Die reactie van Label Plus en [eiser 2] kan redelijkerwijs niet anders worden begrepen dan als verwerping van het aanbod van Swartberg. Een aanbod vervalt doordat het wordt verworpen, welke verwerping ook, zoals hier, de vorm van het doen van een andersluidend (en nieuw) aanbod kan hebben. Dat geldt ook in een geval waarin het aanbod geldt gedurende een bepaalde periode (in dit geval tot 22 november 2024). Een dergelijk aanbod vervalt ook door verwerping in de hiervoor bedoelde zin. Toen Label Plus en [eiser 2] daarna alsnog kenbaar maakten het aanbod te aanvaarden kon dat niet meer, want toen was het al vervallen.
proceskosten
3.9.
Label Plus en [eiser 2] zijn in het ongelijk gesteld en moeten daarom de proceskosten (inclusief nakosten) betalen. De proceskosten van Swartberg worden begroot op:
  • griffierecht € 714,00
  • salaris advocaat € 1.107,00 (tarief gemiddeld kort geding)

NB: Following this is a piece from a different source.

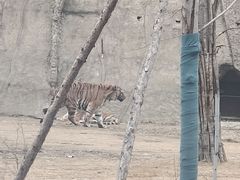 -秦皇岛野生动物园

  • nakosten € 178,00 (plus de verhoging zoals vermeld in de beslissing)
  • Totaal € 1.999,00
De proceskostenveroordeling is, zoals verzocht, hoofdelijk, wordt uitvoerbaar bij voorraad verklaard en vermeerderd met de wettelijke rente, alles op na te melden wijze.

4.De beslissing

De voorzieningenrechter
4.1.
wijst de vorderingen af,
4.2.
veroordeelt Label Plus en [eiser 2] hoofdelijk in de proceskosten van € 1.999,00 te betalen binnen veertien dagen na aanschrijving daartoe. Als zij niet tijdig aan de proceskostenveroordeling voldoen en het vonnis daarna wordt betekend, dan moeten zij € 90,00 extra betalen, plus de kosten van betekening,
4.3.
veroordeelt Label Plus en [eiser 2] hoofdelijk tot betaling van de wettelijke rente als bedoeld in artikel 6:119 BW over de proceskosten als deze niet binnen veertien dagen na aanschrijving zijn voldaan,
4.4.
verklaart de beslissingen in 4.2 en 4.3 uitvoerbaar bij voorraad.
Dit vonnis is gewezen door mr. P. de Bruin en in het openbaar uitgesproken op 23 januari 2025.